### Your goal
Look through the listing below for the line containing "Still life with vegetables and fruits". Copy it and each line after it up to and including the line containing "メンズ ファッション 服", exactly, leaving out pictures.

### Material to process
[Start of section]

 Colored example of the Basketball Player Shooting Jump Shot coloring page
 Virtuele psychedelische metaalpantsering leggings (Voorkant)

[End of section]
[Start of section]

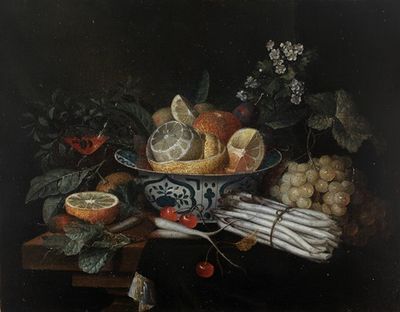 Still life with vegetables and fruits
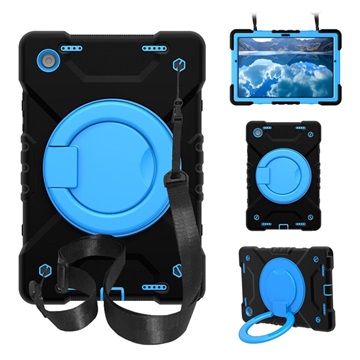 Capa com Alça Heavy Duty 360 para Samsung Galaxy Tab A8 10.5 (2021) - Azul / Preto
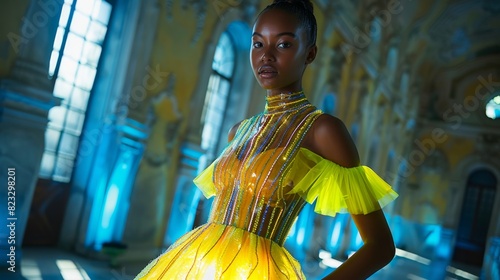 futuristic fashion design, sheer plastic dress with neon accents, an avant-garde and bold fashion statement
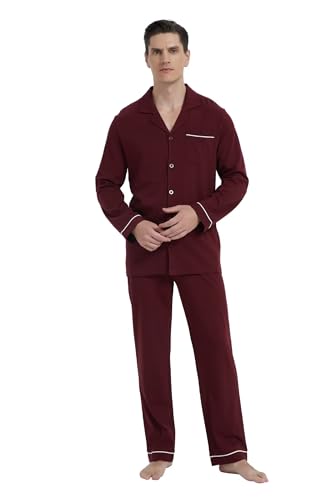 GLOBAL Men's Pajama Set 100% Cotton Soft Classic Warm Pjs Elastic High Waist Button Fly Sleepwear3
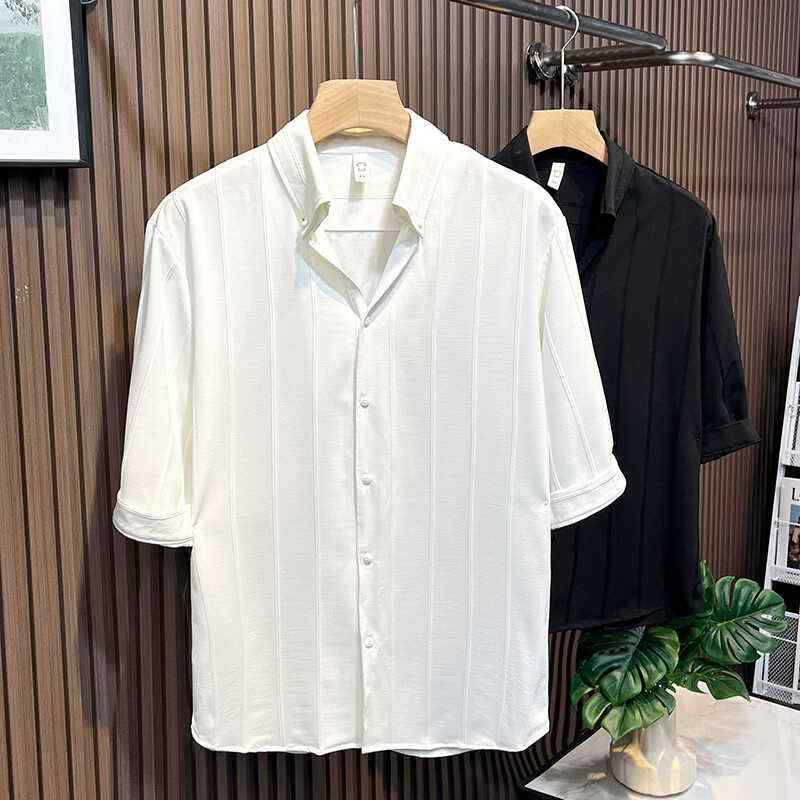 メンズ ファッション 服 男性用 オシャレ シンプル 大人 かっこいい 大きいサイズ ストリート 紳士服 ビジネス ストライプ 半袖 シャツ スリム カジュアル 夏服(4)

[End of section]
[Start of section]

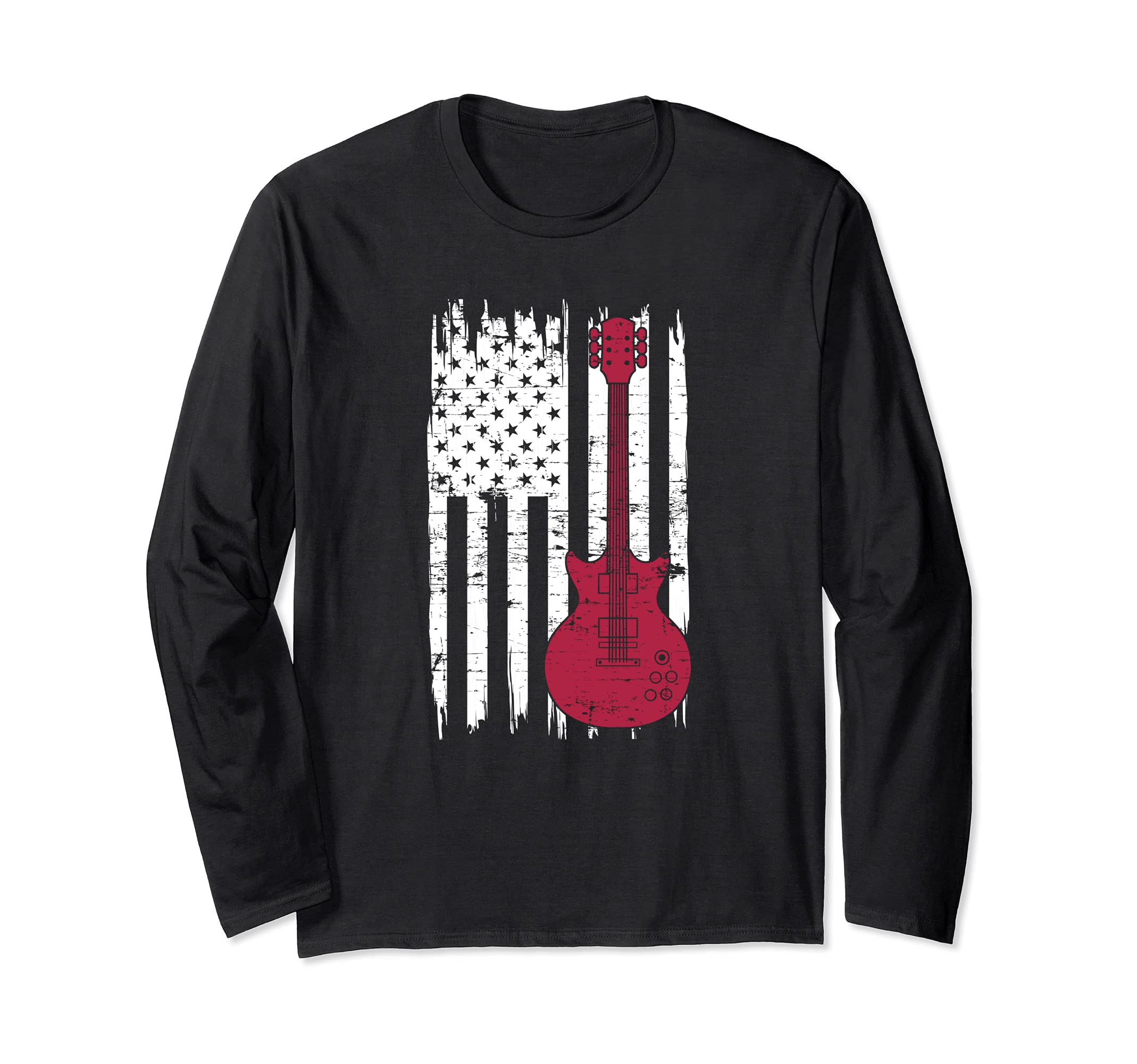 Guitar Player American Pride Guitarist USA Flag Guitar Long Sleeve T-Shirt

[End of section]

### Result for this exercise
 Still life with vegetables and fruits
 Capa com Alça Heavy Duty 360 para Samsung Galaxy Tab A8 10.5 (2021) - Azul / Preto
 futuristic fashion design, sheer plastic dress with neon accents, an avant-garde and bold fashion statement
 GLOBAL Men's Pajama Set 100% Cotton Soft Classic Warm Pjs Elastic High Waist Button Fly Sleepwear3
 メンズ ファッション 服 男性用 オシャレ シンプル 大人 かっこいい 大きいサイズ ストリート 紳士服 ビジネス ストライプ 半袖 シャツ スリム カジュアル 夏服(4)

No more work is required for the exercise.